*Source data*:
*** Block opens ***

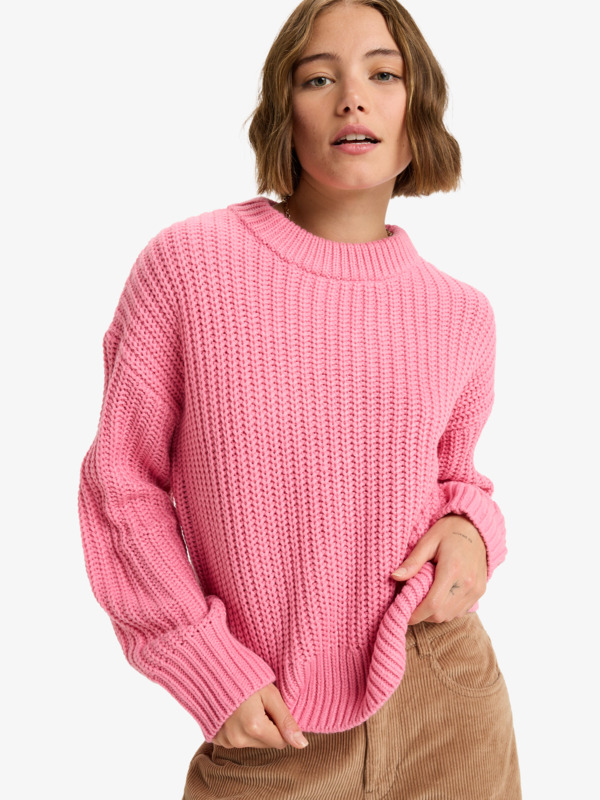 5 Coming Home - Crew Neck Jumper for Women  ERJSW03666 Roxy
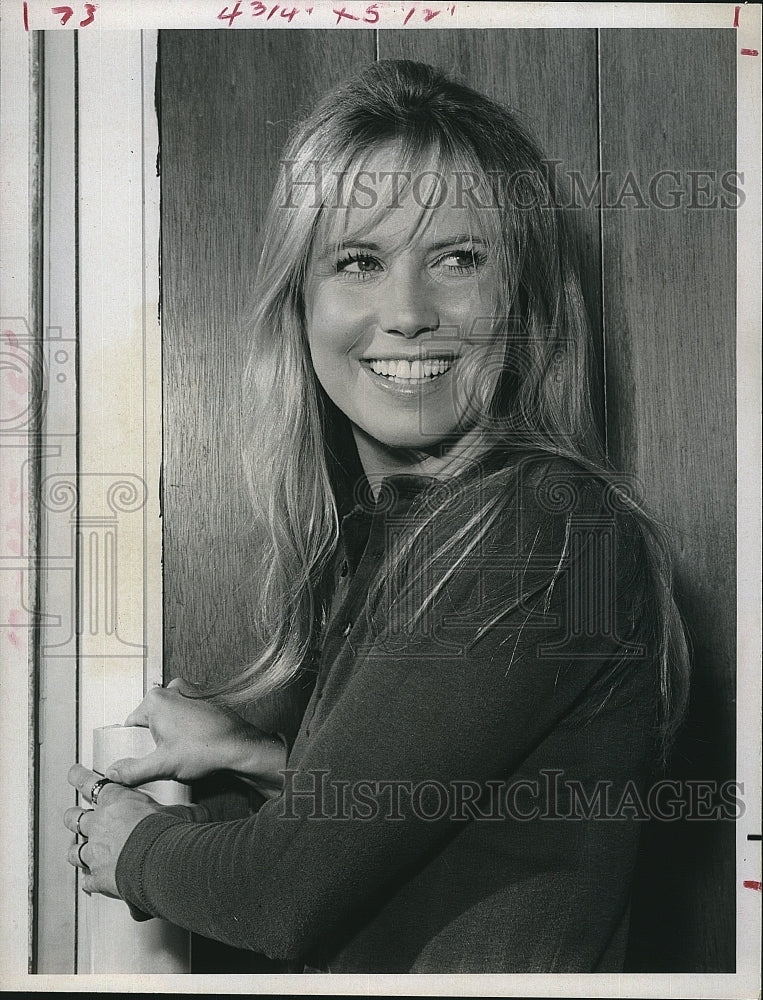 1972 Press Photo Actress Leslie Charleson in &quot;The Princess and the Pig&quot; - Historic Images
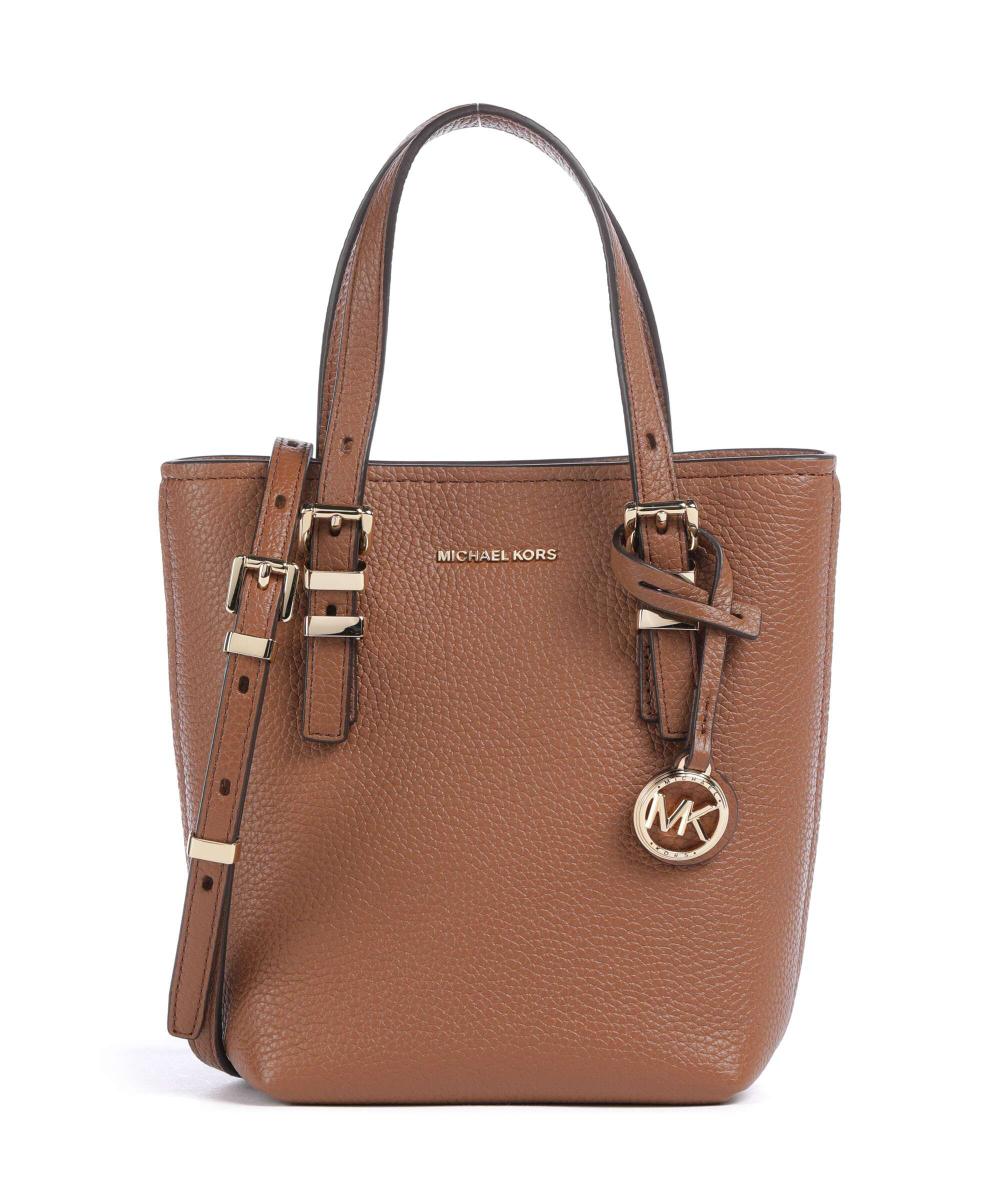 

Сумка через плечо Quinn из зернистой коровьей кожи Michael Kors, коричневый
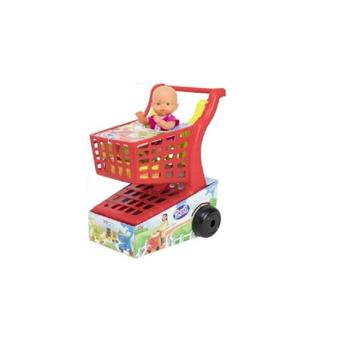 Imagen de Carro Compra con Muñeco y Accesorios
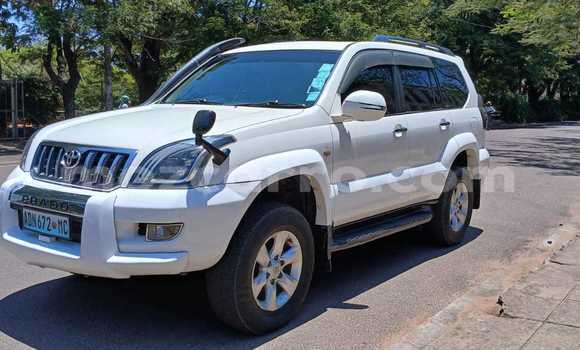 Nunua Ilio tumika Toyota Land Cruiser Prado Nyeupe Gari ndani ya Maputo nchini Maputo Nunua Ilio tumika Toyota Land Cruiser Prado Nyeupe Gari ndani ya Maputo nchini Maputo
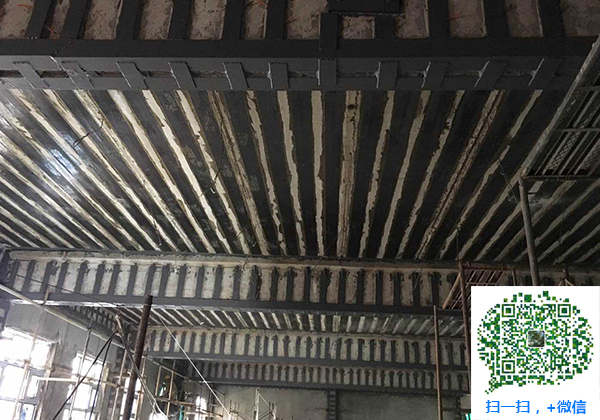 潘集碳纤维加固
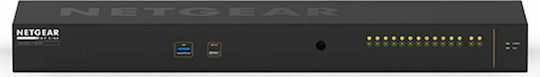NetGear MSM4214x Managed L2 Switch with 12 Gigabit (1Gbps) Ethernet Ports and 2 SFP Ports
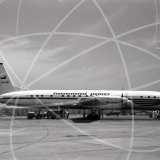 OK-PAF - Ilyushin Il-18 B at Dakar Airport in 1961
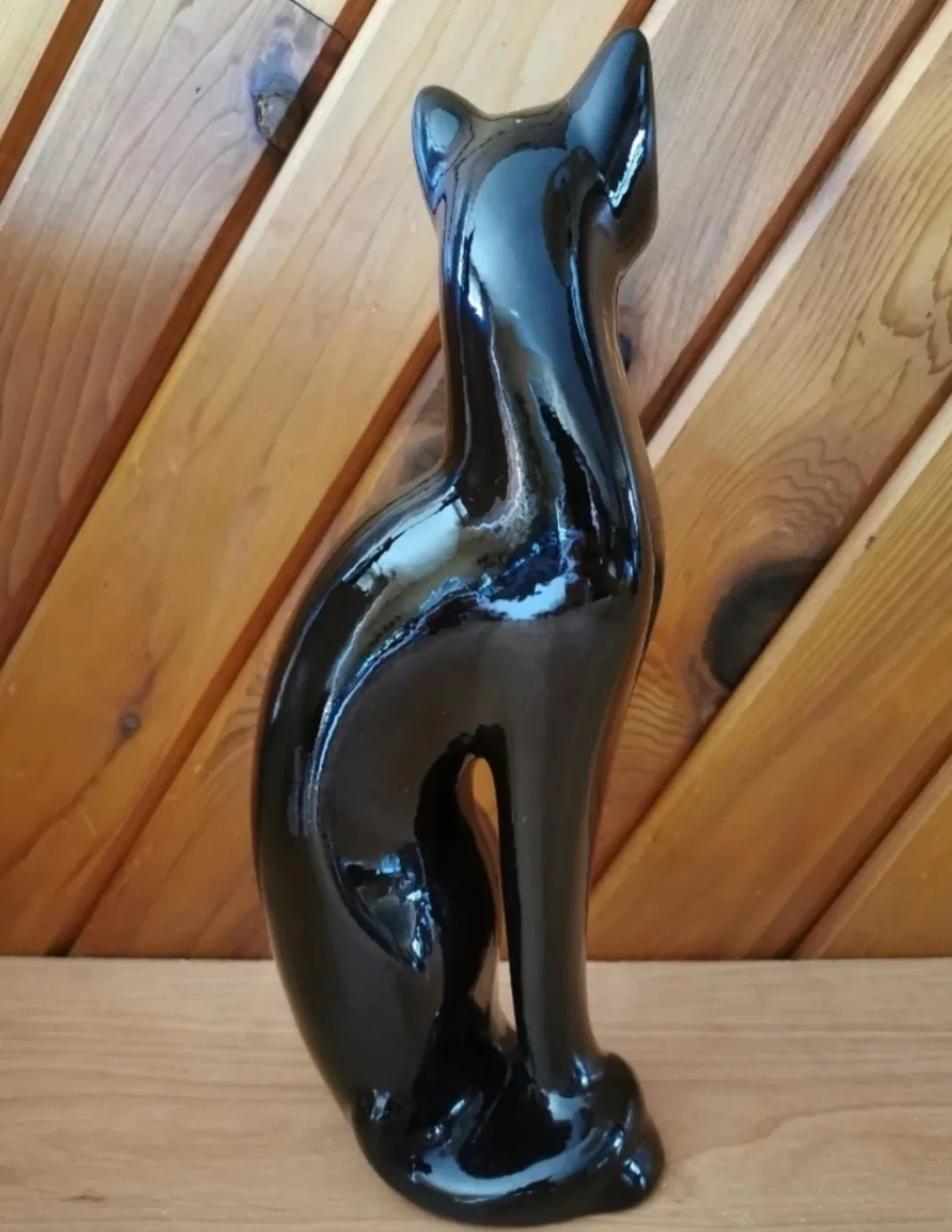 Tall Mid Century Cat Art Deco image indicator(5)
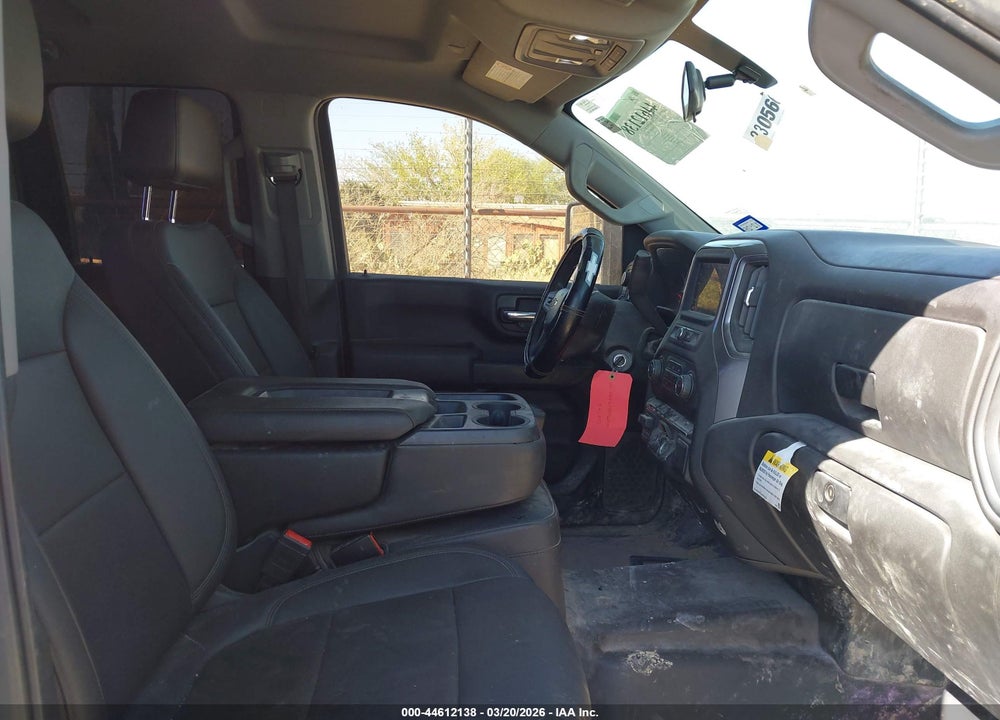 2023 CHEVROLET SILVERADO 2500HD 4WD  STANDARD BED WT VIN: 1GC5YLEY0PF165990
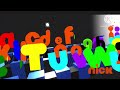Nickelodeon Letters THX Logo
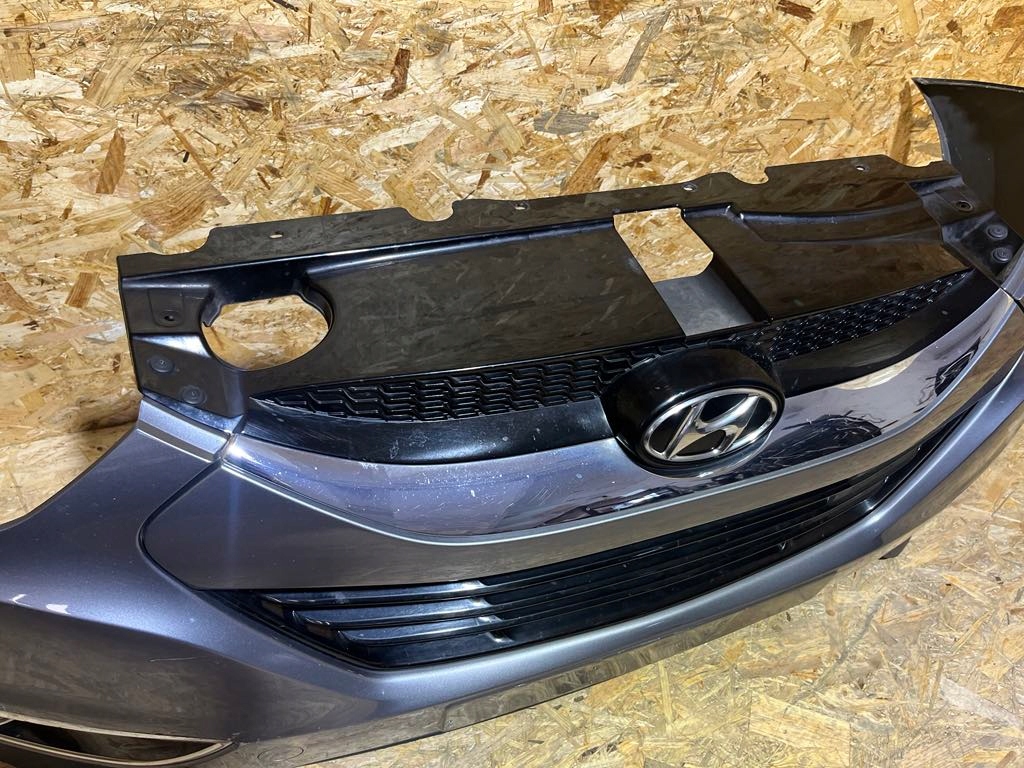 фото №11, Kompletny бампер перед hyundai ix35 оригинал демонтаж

*** Block closes ***

*WHAT THIS TASK INVOLVES*: Give back exactly the lines from the one with "2023 CHEVROLET SILVERADO" through the end of the records above, inclusive, and omit any pictures.

*COMPLETED EXERCISE*:
 2023 CHEVROLET SILVERADO 2500HD 4WD  STANDARD BED WT VIN: 1GC5YLEY0PF165990
Nickelodeon Letters THX Logo
 фото №11, Kompletny бампер перед hyundai ix35 оригинал демонтаж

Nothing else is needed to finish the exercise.